-------- DATA BLOCK

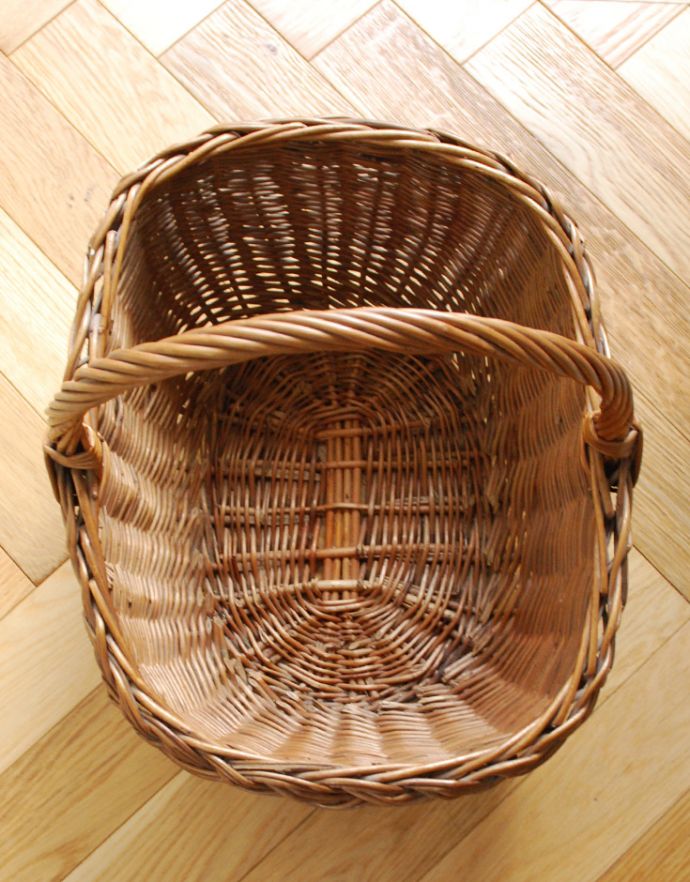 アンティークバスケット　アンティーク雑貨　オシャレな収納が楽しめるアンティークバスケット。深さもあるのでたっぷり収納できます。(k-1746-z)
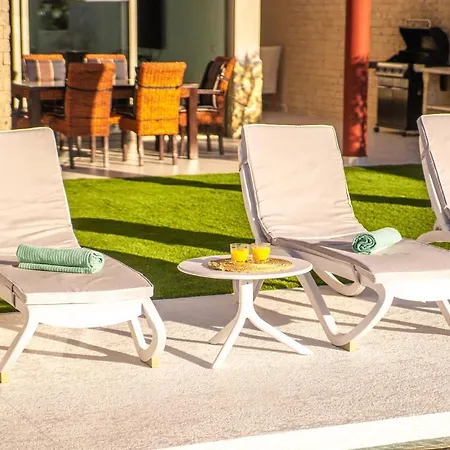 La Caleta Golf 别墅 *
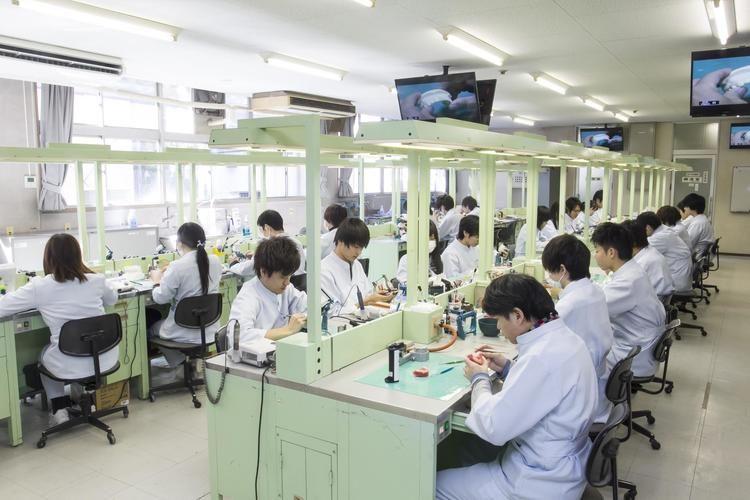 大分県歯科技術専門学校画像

----------------

EXERCISE OBJECTIVE
Would you restate the listing word for word without its pictures?

WORKED SOLUTION
 アンティークバスケット　アンティーク雑貨　オシャレな収納が楽しめるアンティークバスケット。深さもあるのでたっぷり収納できます。(k-1746-z)
 La Caleta Golf 别墅 *
 大分県歯科技術専門学校画像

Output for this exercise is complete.